In HK, we mitigate that with masks and hand sanitizer, etc. But it only goes so far. You need solid and consistent govt leadership setting the example and imposing limitations.

I should have added:

Not that we have that in Hong Kong.

The new social distancing regs that kicked in today are good in theory (if somewhat flawed). But a potentially bigger problem is enforcement - partly because the details are difficult to enforce consistently and fairly, and partly because consistent and fair enforcement is the responsibility of the HK police force, which is not especially renowned for being consistent or fair.

In fact, the HK police is probably the most hated organization in Hong Kong right now, and most if not all police officers hate us back. That’s not a good mix when a squad of cops walk into a restaurant and start measuring how far apart diners are and making them move if they’re less than six feet apart.

It also doesn't help that the HK police are currently obsessed with the fact that protests still happen in HK (and still receive a lot of public support), which means not every protester is in jail, and they remain convinced the way to fix this is to continue to arrest, jail, beat, pepper spray, tear gas and harass as many protesters as it takes until the protests stop.

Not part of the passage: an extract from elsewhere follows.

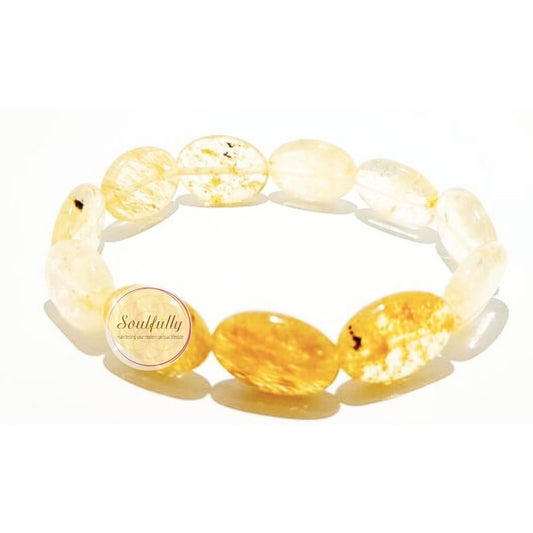 Quartz, Pineapple Quartz Bracelet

They’ve also been going out of their way in recent months to establish a clear narrative that the protest movement is in reality a terrorist movement. Stephen Vines has a concise write-up on this, but essentially police have uncovered several stashes of bombs, weapons and ammo that they say is intended to wage a campaign of bombing and cop-killing across HK. They frequently describe this as if the campaign is already happening, even though the handful of incidents they can actually point to - though certainly illegal - have caused minor damage and injured no one.

The police have, of course, produced no evidence whatsoever that these stashes have anything to do with the protest movement or that the people arrested intended to use them to target the police. But apparently, according to Vines, that hasn't stopped Carrie Lam and other govt officials from reportedly telling foreign diplomats in HK that the protest movement is either a terrorist threat in itself or providing cover for a fringe terrorist group (funded by foreign elements! Probably!).

One aspect the Vines column doesn’t touch upon is the fact that this is happening while a number of adamantly pro-govt/pro-police legislators are calling for Article 23 legislation.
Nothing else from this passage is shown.